The conference, would discuss the meaning of mission work today and for the future of the global community.
About 40 young people from Africa, Asia, the Middle East, and Europe would join the conference online to discuss together mission work, the Church, and the future on the theme: “Free for the Future.” This is expected to prepare a position paper at the close of the session.
The Conference, which is being hosted by the Presbyterian Church of Ghana and the Akrofi-Christaller Institute of Theology, Mission, and Culture, is part of the opening activities of the Jubilee celebration of the EMS in 2022 and the official opening is scheduled for September 19th, 2021 at the Osu Ebenezer congregation of the PCG.
The EMS was established in 1972 as the “Evangelical Mission in South-West Germany” with the seat at Stuttgart as an international Association of 23 Churches and five mission societies in Africa, Asia, the Middle East, and Europe and connect about 25 million believers across three continents.
The Moderator, Rev Mante, in his opening address said freedom “is elusive or a mirage when defined literary according to the dictionary as having the right to do everything,” and that, “that understanding is not practical since we are connected and relate as a people at every point in life”.
He charged the participants of the conference to come out with a practical meaning of freedom as the theme for the five days meeting to guide the Church and society at large, as to how to be in freedom yet connected, other than the wrong perceptions about freedom which was leading to bondages.
According to the Moderator, involvement of the youth today was relevant in ensuring a better future for all and added that moral and economic freedom in the context of the mission was imperative, since it directed on how to proceed in the mission of God to bring relief and development to the people.
Reverend Dr Dieter Heidtmann, General Secretary of EMS, said with its jubilee year, the EMS will take up the tradition of the biblical “year of Jubilee” and explained that “here we find the three core elements that the EMS already had in its name, ‘Gospel, Mission and Solidarity’ and they are the guiding principles for the international community in EMS”.

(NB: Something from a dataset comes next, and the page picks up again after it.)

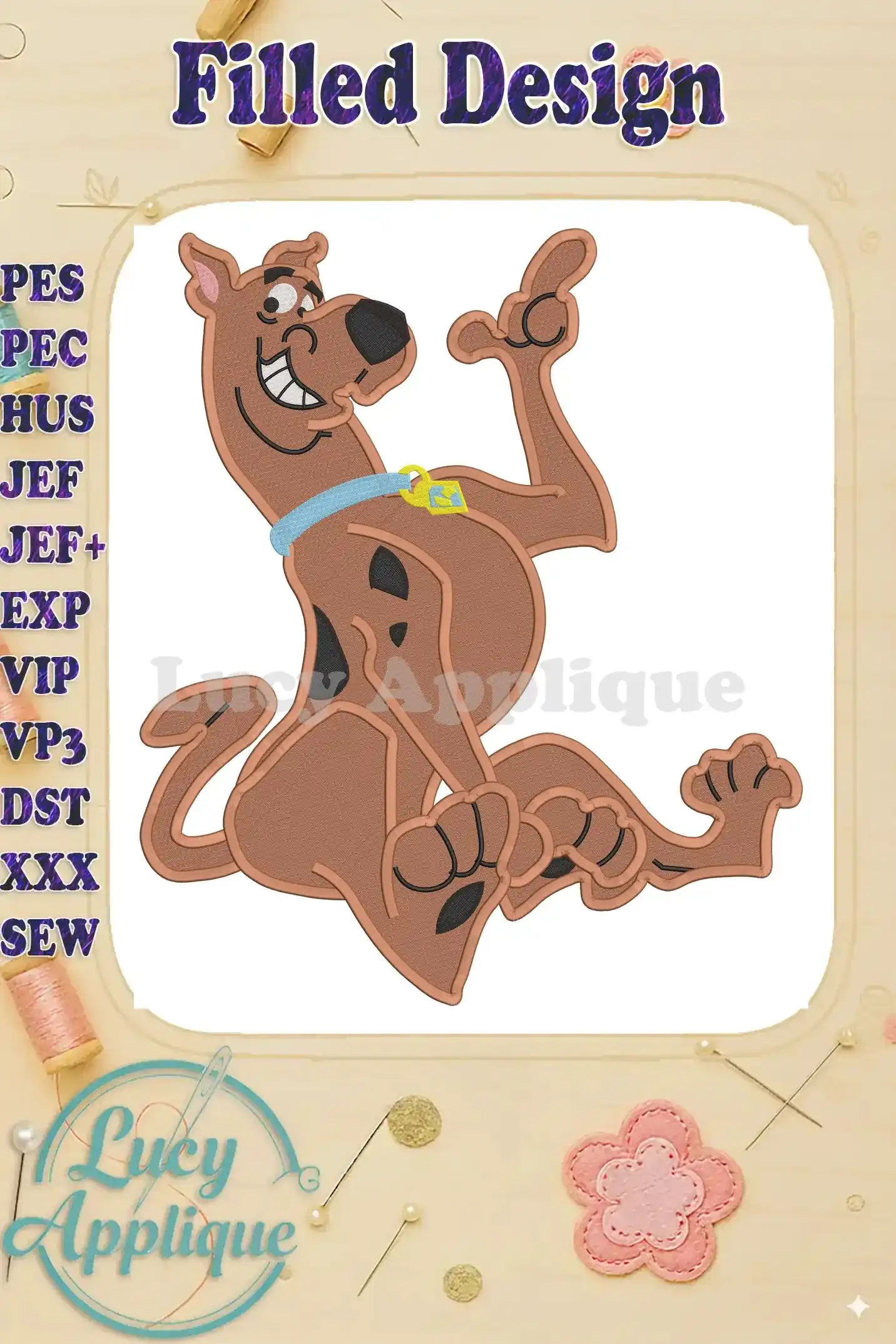 A charming filled embroidery design of Scooby Doo, the famous cartoon dog, sitting and waving. The design is set against a white background, within a decorative frame.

He indicated that long before the institution of the organisation, Christians had lived in peace with other religions especially in Ghana and that, it must be strengthened for better linkages and benefits to the world at large.

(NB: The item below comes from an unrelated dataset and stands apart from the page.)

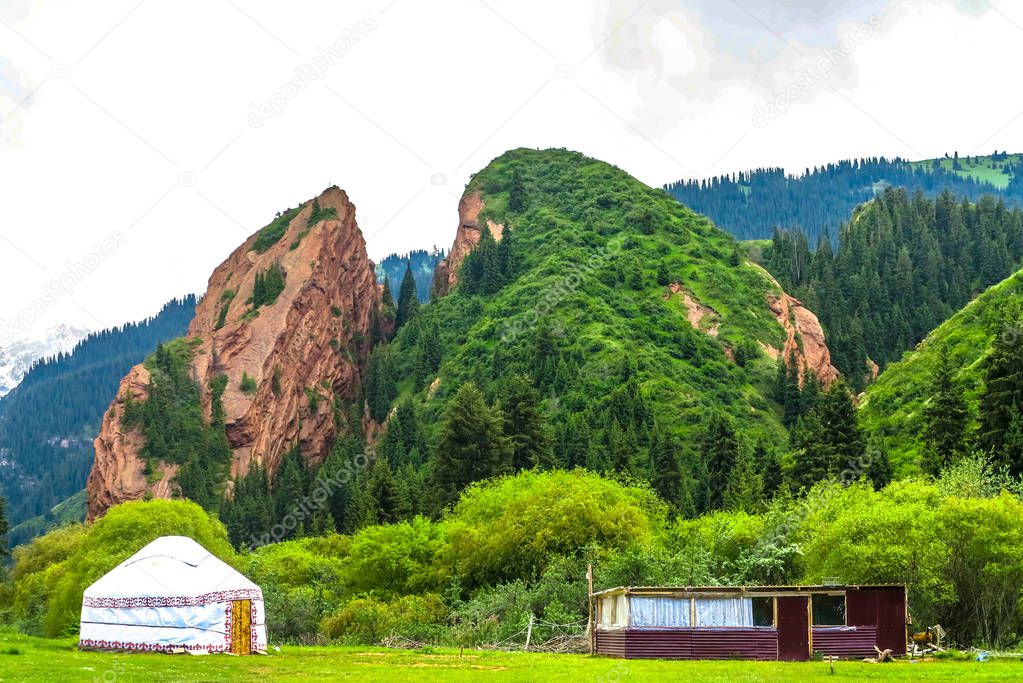 Jeti Oguz Resort Landscape with Broken Heart Rock Terskey Ala Too Mountain Range Yurt Camp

Reverend Prof Bernhardt Yemo Quarshie, Rector of the Akrofi-Christaller Institute, on his part noted that engagement between gospel and culture had been smooth, but lately there was a decline in Christianity since many churches were operating in different post-Christ contexts.
He indicated that the EMS offered a new model of how to relate on an equal basis “and I want to invite EMS to seriously consider how that model would be shared with Western organizations to do away with colonial tendencies because nobody can be free in a vacuum, all must relate”.
A tree-planting ceremony followed later at the Akrofi-Christaller Institute and a tree was planted jointly by the Moderator, the General Secretary of the EMS and the Rector of the Institute to mark the beginning of the yearlong activities of the 50th anniversary of EMS to be launched later.